Earth martyrs
Elizabeth O’Donnell Gandolfo makes readers question the depth of their own commitment to righteousness.
It’s hard not to feel complicit when we contemplate our next grocery run. The convenient items and ingredients for our favorite dishes are paid for with an unfathomable price. The produce section’s fruits and vegetables make those who pick them sick because of the pesticides. The cars that carry our groceries home run on precious metals that are attained by exhausting local water supplies. Is the contemplation of our complicity enough, or do we need to do more?
Elizabeth O’Donnell Gandolfo’s new book will make readers question the depth of their own commitment to righteousness. Gandolfo, a Catholic theologian who teaches at Wake Forest University School of Divinity, tells the stories of several ecomartyrs—people who were killed because they advocated for kinder stewardship of the earth and its resources—and contextualizes their work theologically.

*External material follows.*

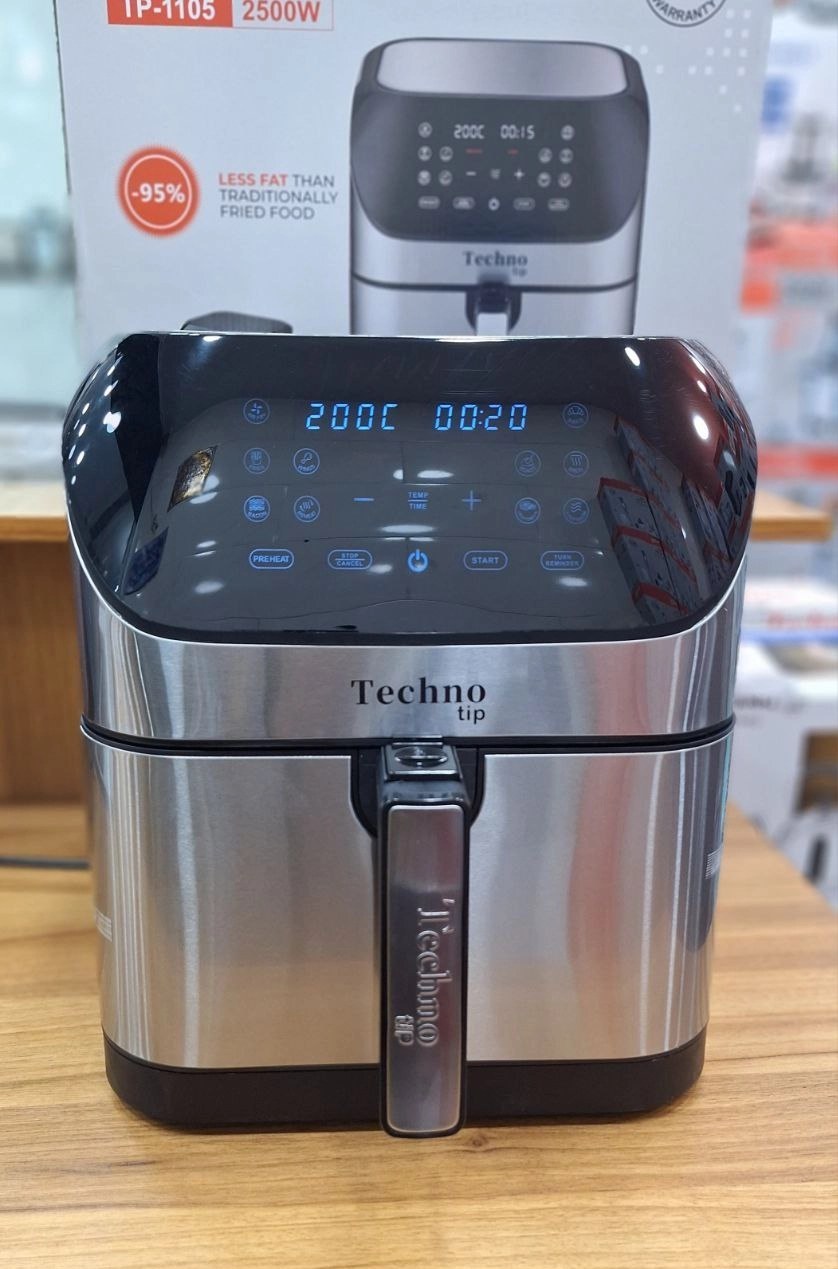 سرخ کن تکنو مدل 1105-tp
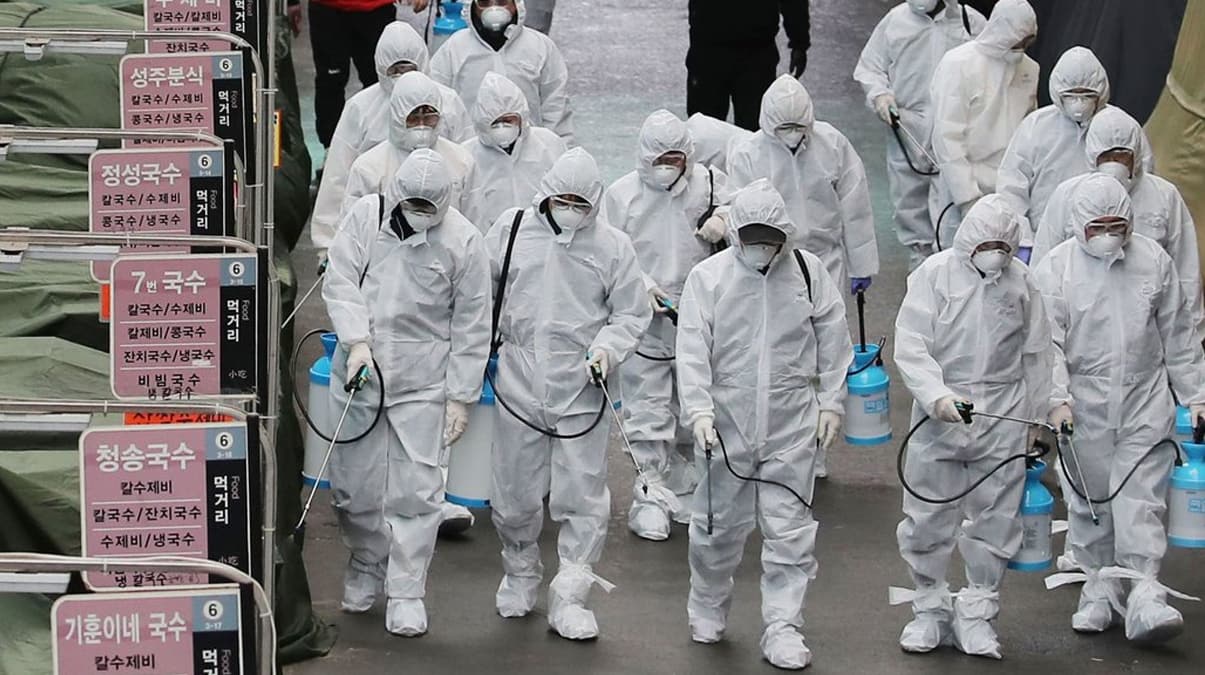 O �lkede yeni kriz! �yile�en vakalar yeniden hastaland�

Ecomartyrdom is not a new phenomenon. Gandolfo draws a direct line from the colonialism of the past to capitalist extractivism in the present. She finds in these oppressive systems a laser focus on exploitation, often with impunity, and little regard for the bodies crushed along the way. Alarmingly, she notes that “since 2002 alone, Global Witness has documented over 2,200 environmental defenders who have been assassinated” and “at least three people a week are killed protecting our environmental rights.”